An oral 3 mg dose decreases acetylcholinesterase activity in cerebrospinal fluid by approximately 40% within the first 1.5 hours after administration. Activity of the enzyme returns to baseline levels about 9 hours after the maximum inhibitory effect has been achieved. In patients with Alzheimer disease, inhibition of acetylcholinesterase in cerebrospinal fluid by rivastigmine was found to be dose-dependent up to 6 mg given twice a day (the highest dose tested).

Alterations in the clinical and cognitive status of patients receiving rivastigmine are paralleled by changes in regional cerebral blood flow as measured by SPECT. These values are enhanced in responders and reduced in nonresponders.

Various studies indicate that rivastigmine improves cognition and activities of daily living in patients with dementia associated with Parkinson disease, resulting in a clinically meaningful benefit (Moretti et al 2007).
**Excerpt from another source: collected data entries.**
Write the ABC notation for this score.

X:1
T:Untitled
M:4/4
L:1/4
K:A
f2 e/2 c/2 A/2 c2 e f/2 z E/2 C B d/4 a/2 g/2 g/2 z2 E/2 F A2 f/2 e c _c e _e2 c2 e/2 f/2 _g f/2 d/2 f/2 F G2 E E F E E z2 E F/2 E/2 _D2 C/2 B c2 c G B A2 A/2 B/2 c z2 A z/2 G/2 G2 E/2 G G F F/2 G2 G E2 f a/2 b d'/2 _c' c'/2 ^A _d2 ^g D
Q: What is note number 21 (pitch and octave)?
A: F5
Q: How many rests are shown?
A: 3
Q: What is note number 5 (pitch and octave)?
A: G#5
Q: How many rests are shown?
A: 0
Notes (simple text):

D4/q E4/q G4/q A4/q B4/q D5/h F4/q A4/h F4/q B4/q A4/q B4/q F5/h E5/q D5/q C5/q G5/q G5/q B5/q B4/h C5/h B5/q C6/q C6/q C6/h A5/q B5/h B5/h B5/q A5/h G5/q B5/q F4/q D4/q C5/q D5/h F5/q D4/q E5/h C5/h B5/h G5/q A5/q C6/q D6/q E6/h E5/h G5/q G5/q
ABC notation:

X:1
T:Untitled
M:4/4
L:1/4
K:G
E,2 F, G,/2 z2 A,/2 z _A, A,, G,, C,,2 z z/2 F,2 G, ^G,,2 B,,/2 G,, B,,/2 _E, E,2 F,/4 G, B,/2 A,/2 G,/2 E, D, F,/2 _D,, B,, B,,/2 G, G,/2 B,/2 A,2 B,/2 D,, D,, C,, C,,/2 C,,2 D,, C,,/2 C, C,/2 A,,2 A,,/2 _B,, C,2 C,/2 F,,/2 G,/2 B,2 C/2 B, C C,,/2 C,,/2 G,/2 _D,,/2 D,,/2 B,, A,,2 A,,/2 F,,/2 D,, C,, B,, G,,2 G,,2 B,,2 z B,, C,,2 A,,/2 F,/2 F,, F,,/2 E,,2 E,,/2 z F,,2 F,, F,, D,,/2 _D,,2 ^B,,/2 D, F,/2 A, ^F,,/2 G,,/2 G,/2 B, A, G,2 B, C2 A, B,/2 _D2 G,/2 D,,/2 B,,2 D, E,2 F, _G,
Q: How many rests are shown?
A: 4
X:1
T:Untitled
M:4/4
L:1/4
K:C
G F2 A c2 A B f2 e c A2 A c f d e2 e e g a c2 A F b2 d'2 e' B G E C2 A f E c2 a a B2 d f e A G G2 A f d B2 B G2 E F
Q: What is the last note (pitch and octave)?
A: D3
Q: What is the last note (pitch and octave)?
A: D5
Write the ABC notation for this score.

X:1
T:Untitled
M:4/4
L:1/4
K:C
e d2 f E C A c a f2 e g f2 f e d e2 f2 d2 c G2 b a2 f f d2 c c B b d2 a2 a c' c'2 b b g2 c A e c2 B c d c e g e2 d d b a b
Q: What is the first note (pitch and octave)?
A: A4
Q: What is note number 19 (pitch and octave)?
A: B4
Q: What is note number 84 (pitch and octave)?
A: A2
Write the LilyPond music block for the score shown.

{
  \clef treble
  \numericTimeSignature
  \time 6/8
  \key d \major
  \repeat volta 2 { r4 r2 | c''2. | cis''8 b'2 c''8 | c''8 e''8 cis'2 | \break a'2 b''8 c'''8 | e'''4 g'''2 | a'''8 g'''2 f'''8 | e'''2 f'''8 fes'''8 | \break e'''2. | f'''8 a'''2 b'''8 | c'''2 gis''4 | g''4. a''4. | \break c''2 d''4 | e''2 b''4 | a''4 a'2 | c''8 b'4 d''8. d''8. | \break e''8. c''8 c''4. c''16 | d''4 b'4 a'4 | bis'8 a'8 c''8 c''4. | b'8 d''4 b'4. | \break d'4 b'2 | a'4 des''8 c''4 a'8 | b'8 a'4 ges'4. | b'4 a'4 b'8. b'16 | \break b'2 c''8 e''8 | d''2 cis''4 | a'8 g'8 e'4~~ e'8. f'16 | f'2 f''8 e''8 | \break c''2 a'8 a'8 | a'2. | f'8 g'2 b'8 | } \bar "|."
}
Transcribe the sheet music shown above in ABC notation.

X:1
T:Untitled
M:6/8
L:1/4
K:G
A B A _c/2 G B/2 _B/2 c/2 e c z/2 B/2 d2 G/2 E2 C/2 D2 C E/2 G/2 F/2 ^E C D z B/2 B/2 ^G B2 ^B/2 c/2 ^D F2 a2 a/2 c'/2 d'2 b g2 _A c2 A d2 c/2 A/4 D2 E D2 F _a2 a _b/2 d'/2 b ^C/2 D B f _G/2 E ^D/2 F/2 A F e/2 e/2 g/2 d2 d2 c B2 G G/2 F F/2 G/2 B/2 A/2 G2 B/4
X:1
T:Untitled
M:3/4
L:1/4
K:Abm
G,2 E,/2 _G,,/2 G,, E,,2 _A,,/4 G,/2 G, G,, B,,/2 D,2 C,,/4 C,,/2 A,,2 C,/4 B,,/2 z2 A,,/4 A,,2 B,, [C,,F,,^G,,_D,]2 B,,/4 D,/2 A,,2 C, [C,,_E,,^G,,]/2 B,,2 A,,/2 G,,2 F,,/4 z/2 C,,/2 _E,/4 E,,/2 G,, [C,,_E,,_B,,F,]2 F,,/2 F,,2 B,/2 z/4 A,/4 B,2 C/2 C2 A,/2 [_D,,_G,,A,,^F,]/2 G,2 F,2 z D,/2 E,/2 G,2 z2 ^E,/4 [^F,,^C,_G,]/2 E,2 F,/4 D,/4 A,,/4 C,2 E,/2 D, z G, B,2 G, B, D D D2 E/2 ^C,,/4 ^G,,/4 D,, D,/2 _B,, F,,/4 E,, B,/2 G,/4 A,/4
Pharmacokinetics. Important points pertaining to pharmacokinetics include the following:

  • Rivastigmine is rapidly and completely absorbed. Peak plasma concentrations are reached in approximately 1 hour. As a consequence of the drug’s interaction with its target enzyme, the increase in bioavailability is about 1.5-fold greater than that expected from the increase in dose.
  • Rivastigmine is weakly bound to plasma proteins (approximately 40%). It readily crosses the blood-brain barrier.
  • Rivastigmine is rapidly and extensively metabolized (half-life in plasma approximately 1 hour) primarily through cholinesterase-mediated hydrolysis to the decarbamoylated metabolite. Total plasma clearance of rivastigmine was approximately 130 L/h after a 0.2 mg intravenous dose, and it decreased to 70 L/h after a 2.7 mg intravenous dose.
  • Unchanged rivastigmine is not found in the urine; renal excretion of the metabolites is the major route of elimination. Following administration of 14-C-rivastigmine, renal elimination was rapid and essentially complete (greater than 90%) within 24 hours. Less than 1% of the administered dose is excreted in the feces. No accumulation of rivastigmine or the decarbamoylated metabolite is present in patients with Alzheimer disease.
  • Transdermal rivastigmine maintains steady drug levels in the bloodstream as compared to fluctuations with the capsule form of the drug (Mercier et al 2007). Transdermal rivastigmine enables maintenance of a lower peak of drug concentration, fewer gastrointestinal side effects, and an efficacy similar to the oral capsules of rivastigmine (Salmon 2008). Despite the advantages of transdermal rivastigmine, the effects of environmental factors such as fever or skin abrasions or tears on drug pharmacokinetics are unknown, and the need for titration to the target dose is not eliminated (Guay 2008).